======== DATASET
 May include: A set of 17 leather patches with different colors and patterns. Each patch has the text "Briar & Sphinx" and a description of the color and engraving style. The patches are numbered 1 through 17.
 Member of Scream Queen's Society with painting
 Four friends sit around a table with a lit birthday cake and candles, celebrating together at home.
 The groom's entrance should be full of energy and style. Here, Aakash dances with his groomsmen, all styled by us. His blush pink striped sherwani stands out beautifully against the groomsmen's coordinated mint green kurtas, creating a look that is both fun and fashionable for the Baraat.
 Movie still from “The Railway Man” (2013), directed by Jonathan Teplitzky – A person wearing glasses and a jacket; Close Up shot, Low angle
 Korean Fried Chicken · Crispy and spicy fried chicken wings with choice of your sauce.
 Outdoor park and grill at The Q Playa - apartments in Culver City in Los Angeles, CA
================
======== DATASET
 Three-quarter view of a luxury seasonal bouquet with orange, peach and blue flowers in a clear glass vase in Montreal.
================
▸ **HOW TO COMPLETE THIS TASK**:
Within the material above, transcribe exactly the lines that run from the line holding "May include: A" through the line holding "Member of Scream".

▸ **ANSWER TO THIS TASK**:
 May include: A set of 17 leather patches with different colors and patterns. Each patch has the text "Briar & Sphinx" and a description of the color and engraving style. The patches are numbered 1 through 17.
 Member of Scream Queen's Society with painting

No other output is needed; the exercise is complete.